The Brazilian Court of Auditors noted an overlap in the roles fulfilled by these two entities. The Web site “Government Network” (http://www.redegoverno.gov.br/) under the responsibility of the CEGE and the site Brasil.gov ( http://www.brasil.gov.br/) managed by the SECOM: both have similar content. This duplication would imply “a waste of money.” 
Another problem signaled by the Court refers as well to the CEGE’s administrative organization. The Court highlights the difficulties brought about by a Presidential Decree released in 2000 which requires the presence of the chief minister of the Civil Cabinet and of many other authorities (such as the Executive Secretaries of all other ministries) in all CEGE’s meetings. Due to a lack of flexibility to accommodate schedules, the Court argues that the Committee does not get together periodically. As a result, the guidelines set by e–gov managers are rarely applied. Moreover, according to the Court, if a resolution by the CEGE succeeds, every single government institution will have issues in implementing the policies. As stated in the report: “Each agency carries out actions according to its own time, evolution and technological conditions. […] [T]he guidelines of the program are not sided by financial resources for their implementation.” 

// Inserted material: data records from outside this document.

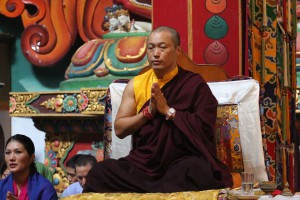 Sakyong Mipham Rinpoche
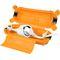 Conjunto de Extensão Elétrica e Caixa de Proteção LOGILINK LPS239 (3 m - Ficha Schuko direita - Preto e Amarelo), miniatura 2
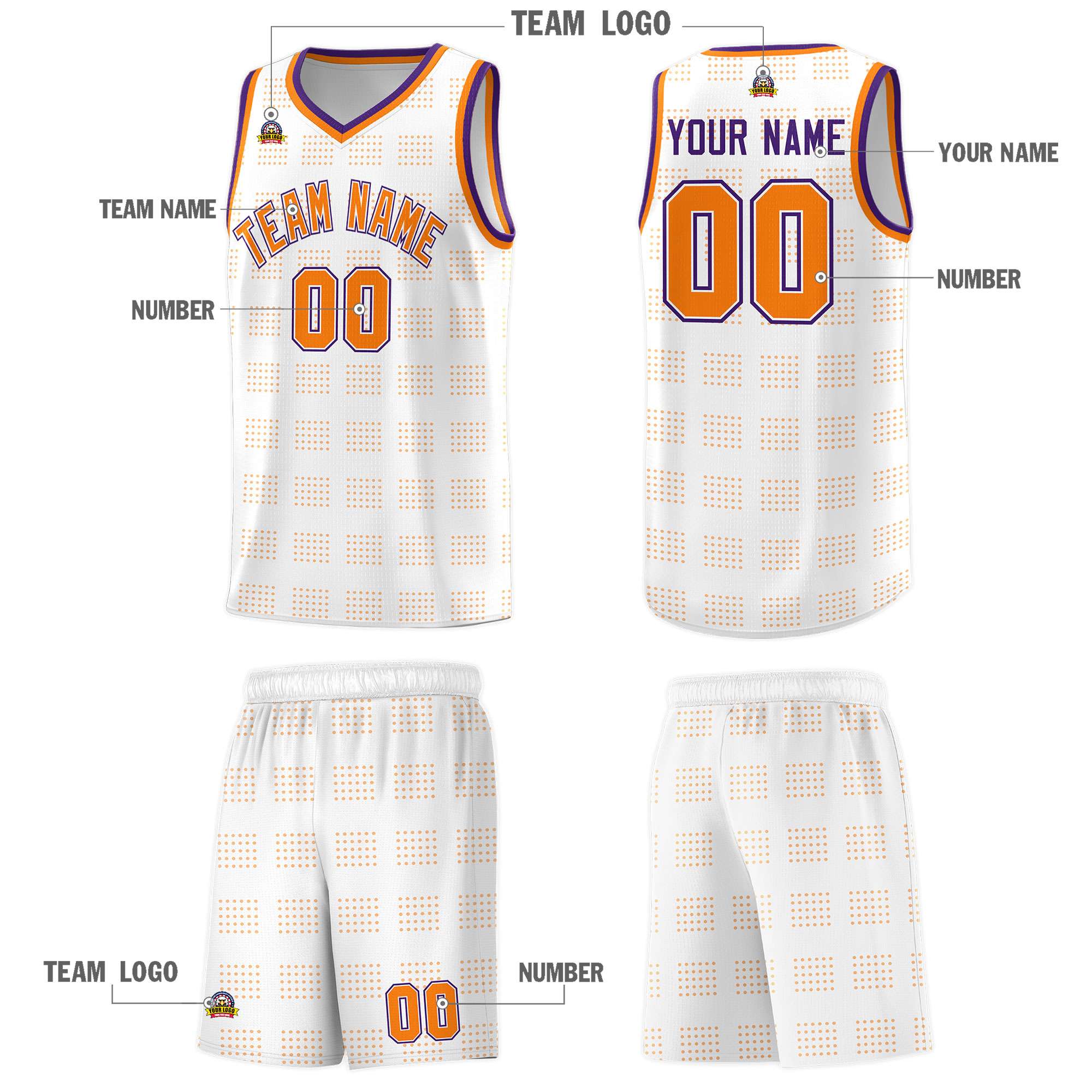 Custom Neon Green Navy-White Side Two-Tone Classic Sports Uniform Basketball Jersey |KXKSHOP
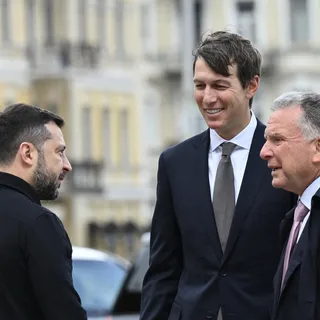 Kushner ve Witkoff'tan Ukrayna'ya 'yeni fikirler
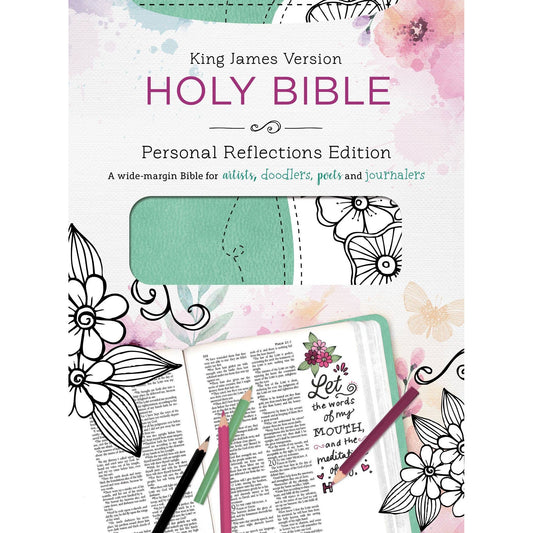 The Personal Reflections KJV Bible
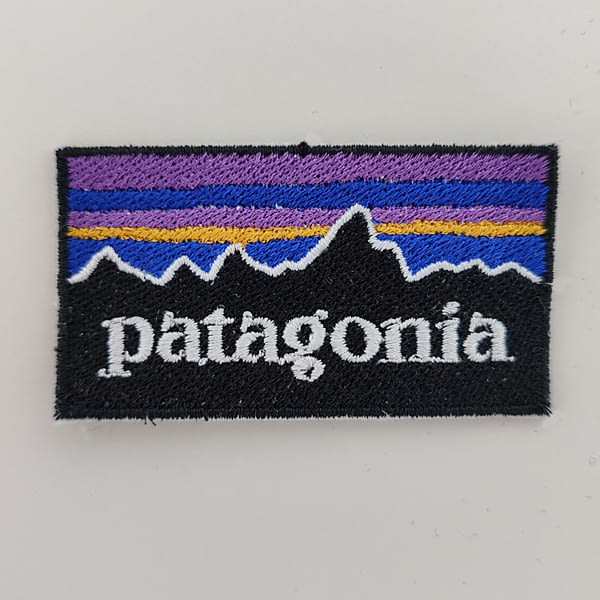Patch Iron On Patagonia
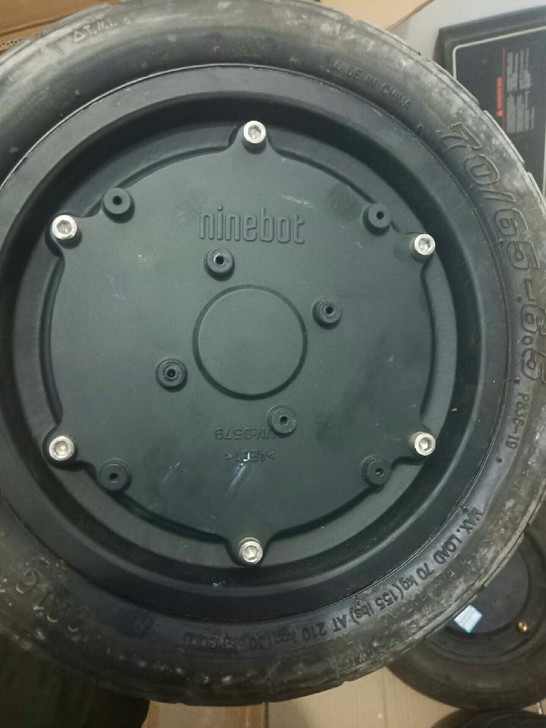 小米平衡车,轮子总成,轮子 电机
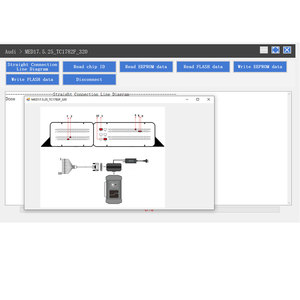 Für LAUNCH X431 X-PROG3 PC-Adapter-LKW-Diagnose-Tool mit On-Board-EEPROM-Chip-Daten Lese-/Schreib funktionen - Product Image 6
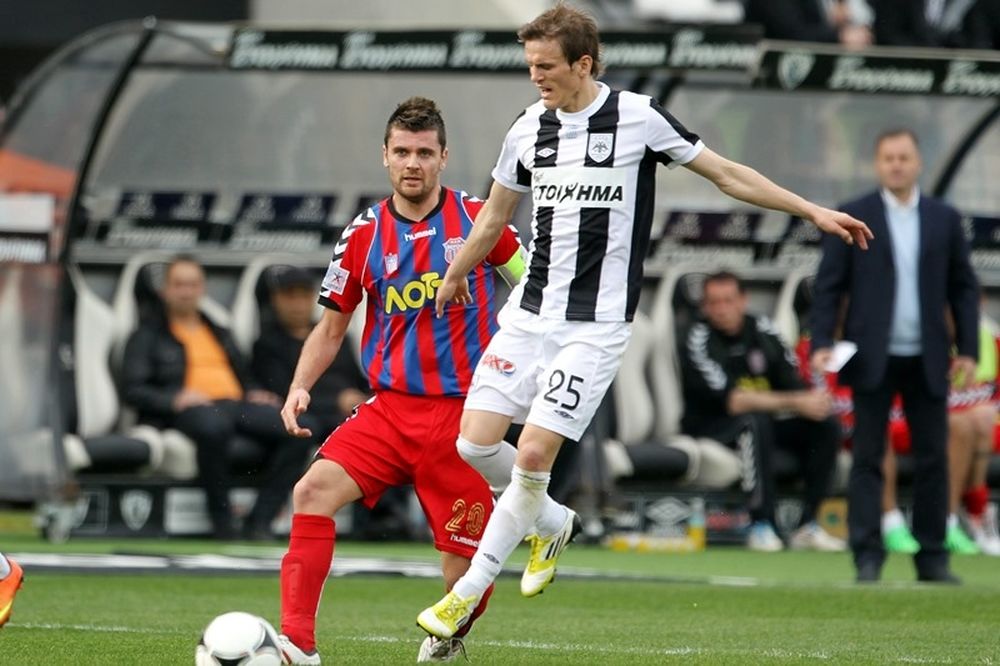ΠΑΟΚ-Βέροια 2-0: Τα Highlights της Nova
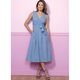 Kleid | Butterick 6446 | 32-40,  thumbnail number 2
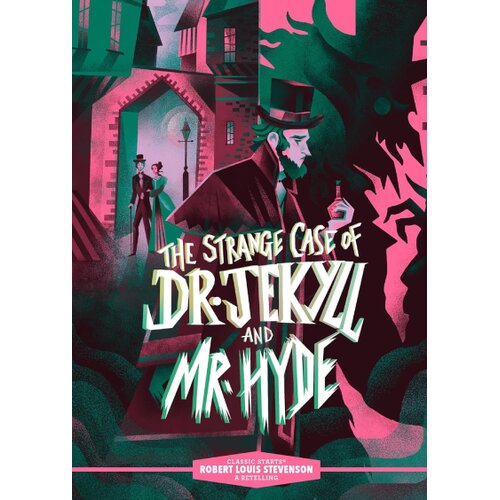 Hachette Robert Louis Stevenson - The Strange Case of Dr. Jekyll and Mr. Hyde Slike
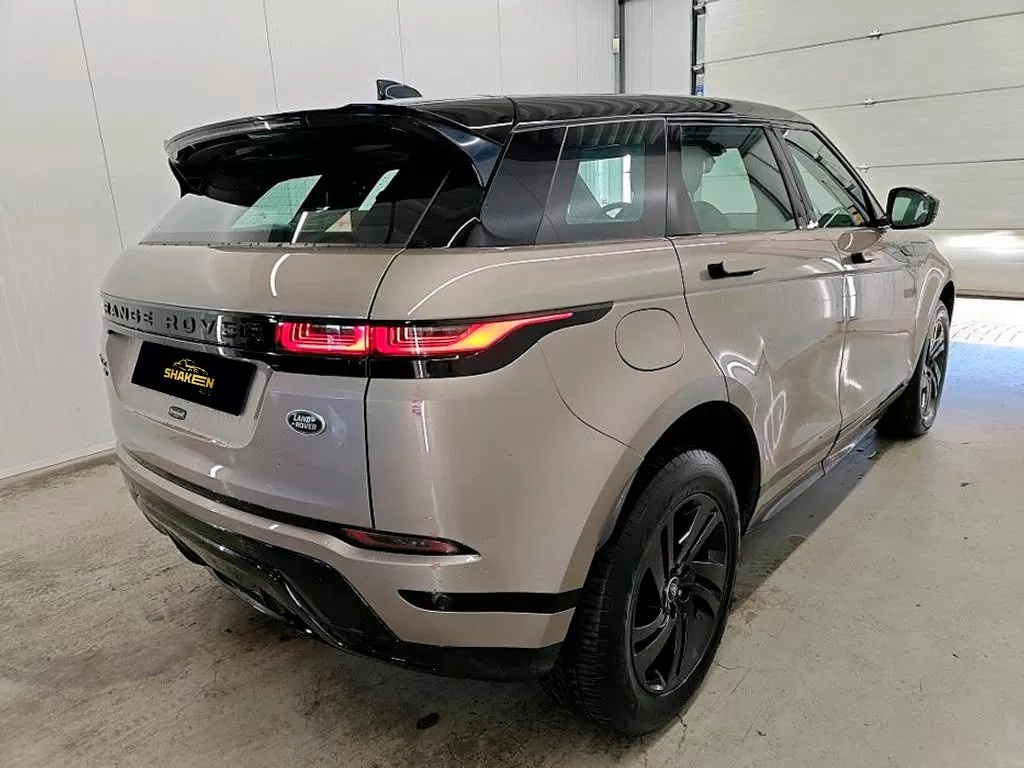 Land Rover Evoque  P300e R  Dynamic Se - foto 2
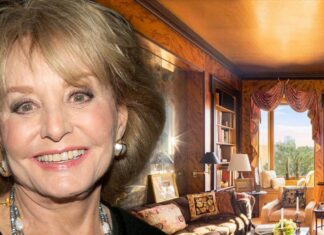 Barbara Walters’ Longtime NYC Home Finds Buyer, Sale Pending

Such an organizational disorder partially reveals an institutional unwillingness to make use of new media to foster governmental political interaction with citizens. There is a lack of clarity regarding the specific tasks of each entity within the bureaucratic structure that manages e–government projects. There is a difficulty in assembling officials who represent different parts of the government in the CEGE’s meetings. Additionally, there is a disparity in conditions and funds among institutions to implement solutions in information technology. Finally, there is a low level of interactivity of digital communication tools on the President’s site. If e–participation tools were really a priority a variety of problems would not be so acute .
Another fact suggests the little importance that government places on improving citizens’ participation through the Internet. The most sophisticated Brazilian experiences in information technology refer to digital systems aimed to increase tax collection and fiscal control. As examples of these initiatives I can mention the site of the Federal Internal Revenue Service (http://www.receita.fazenda.gov.br/).
Silvia Ferro, head of the Internet Section of the Secretariat of Social Communication, admitted that the mechanisms for political involvement offered by the site are not satisfactory due to problems related to the lack of structure and staff to manage the interactive tools (Ferro, 2008). Ferro noted that the Presidency site cannot offer deeper participatory tools because it counts only on the work of three technicians to manage two sites (the Presidency itself and Brazil.gov). Other employees are assigned to answer all the messages sent through these same sites.
Hence there is an unwillingness of political agents to promote participatory tools. There are also considerable costs in implementing, operating, and maintaining digital technologies aimed at improving political involvement. Therefore, since there are few people to take care of Internet tools in this case, it seems to be too much to ask for an accurate configuration of e–participation mechanisms. In the end, one has reason enough to believe that the little importance given to digital media by the Presidency (at least with respect to opportunities for participation) is a result of a macro–policy of electronic government.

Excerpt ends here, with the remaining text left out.